Прищурившись, он всмотрелся в циферблат часов. Они – почти наверняка – показывали 9: 12. Время… просто ползло, вот что оно делало! Выбросы действуют очень методично, и скоро они явятся и сюда. Сейчас они, должно быть, разделили все на сектора и выполняют свои задания. И явятся в соответствующий ситуации момент.
Возьми себя в руки, парень. Еще есть надежда. Институт соберет спасательную команду. Они тебя выручат. В любую секунду они могут быть здесь.

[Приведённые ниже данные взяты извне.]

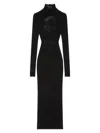 Givenchy Robe En Dentelle Florale In Black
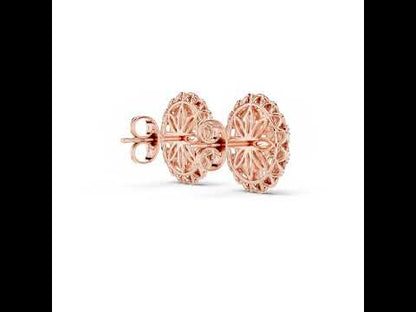 18K Yellow Gold Round Lab-Grown Diamond Earrings for Women | Wedding Wear | Pure Carat
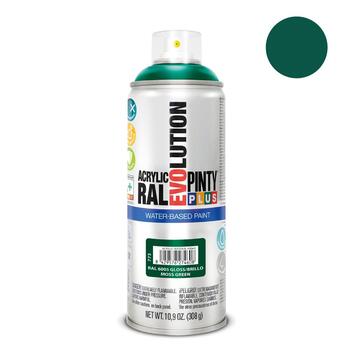 Ūdens bāzes akrila aerosola krāsa zaļa RAL 6005 PintyPlus Evolution 400ml (773)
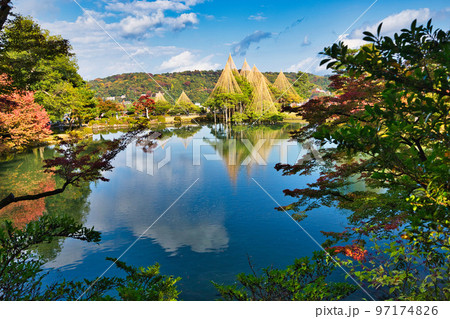 紅葉ー兼六園 紅葉ー兼六園 97174826
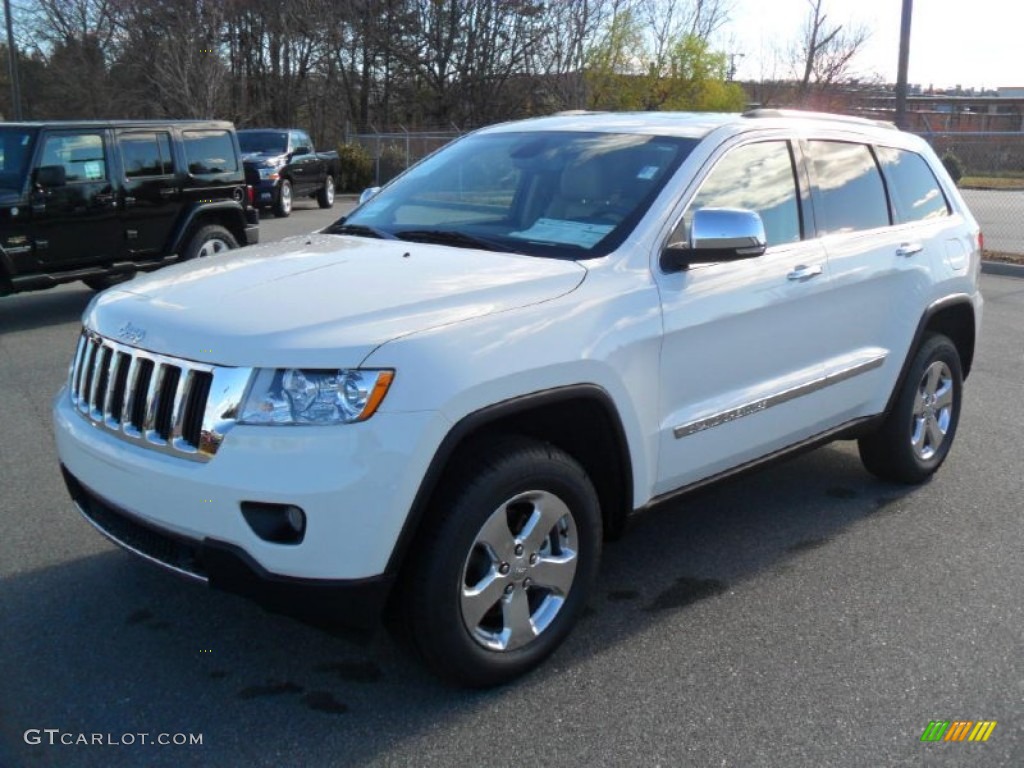 2012 Grand Cherokee Limited 4x4 - Stone White / Black/Light Frost Beige photo #1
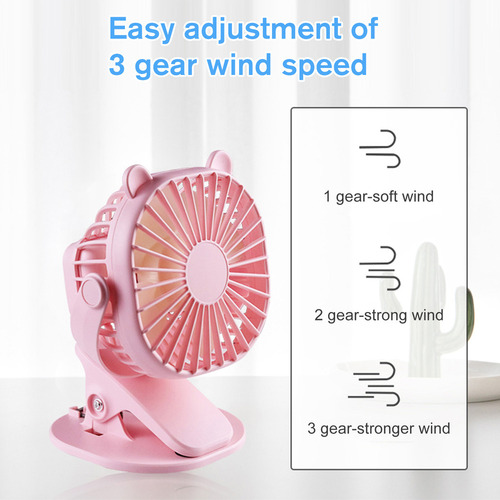 Apply To Ventilador De Escritorio Usb Con Clip Ajustable En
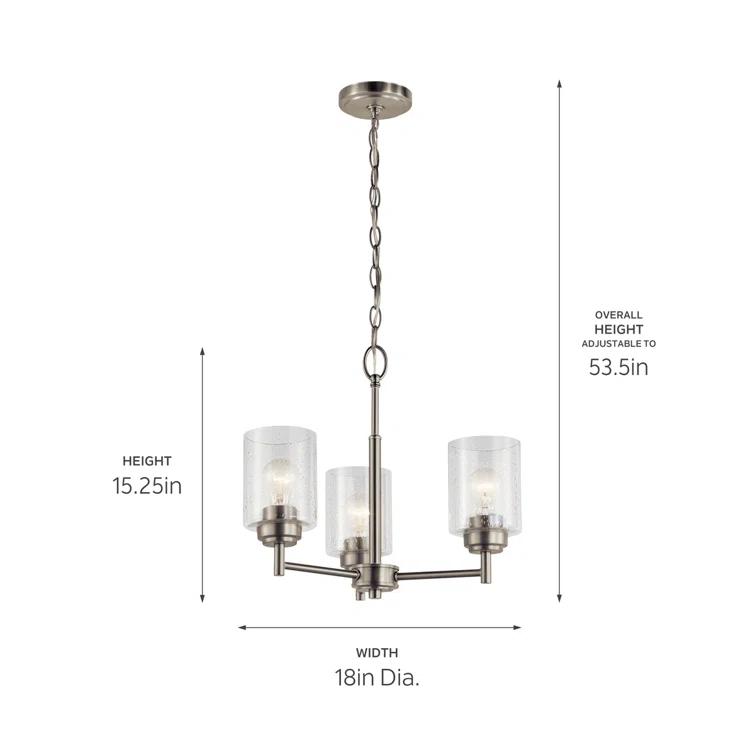 Winslow 3 - Light Classic / Traditional Chandelier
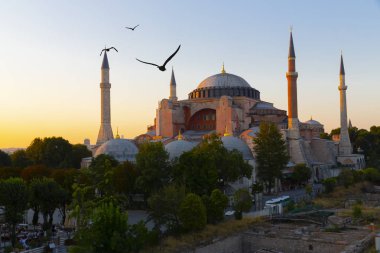 Eski İstanbul, Türkiye 'de Ayasofya kubbeleri ve minareleri, 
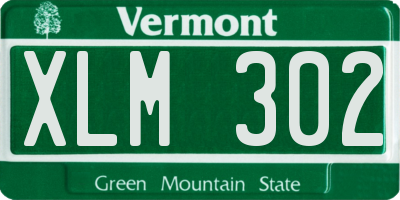 VT license plate XLM302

Кажется, дверь комнаты отдыха слегка колыхнулась внутрь?
Вроде бы клин света, сочащийся из лаборатории в темноту, стал чуть-чуть шире?
Неужели нечто заглядывает внутрь, ищет его?
Дверь комнаты приоткрылась еще на сантиметр или два. Не так, как заглядывает человек. Не так, как должны войти спасатели.
Берджесс молился, чтобы это не стало включать свет. Он знал, что не сможет сдержать крик, если увидит… А если он вскрикнет, они будут знать, что он здесь.
Ни за что больше не стану веселиться с Белиндой. Она замужем, у нее маленький ребенок. Больше не буду.
И, клянусь, поеду навещу отца. Я все знаю, ему осталось жить не больше года, а я никогда к нему не езжу. Но я поеду, обязательно поеду и повидаюсь с ним.
Лишь бы это не включило свет.
От двери донеслось позвякивание и какое-то глухое бормотание.
И вспыхнул свет. Ему ничего не оставалось, как только выглянуть из-за стола.
И Берджесс коротко вскрикнул, мимоходом отмечая, что штаны стали мокрыми.
Они содрали всю кожу с черепа Ахмеда, чтобы использовать ее для какого-то другого дела. Но глаза они оставили. Тут уж не ошибешься – большие карие глаза Ахмеда.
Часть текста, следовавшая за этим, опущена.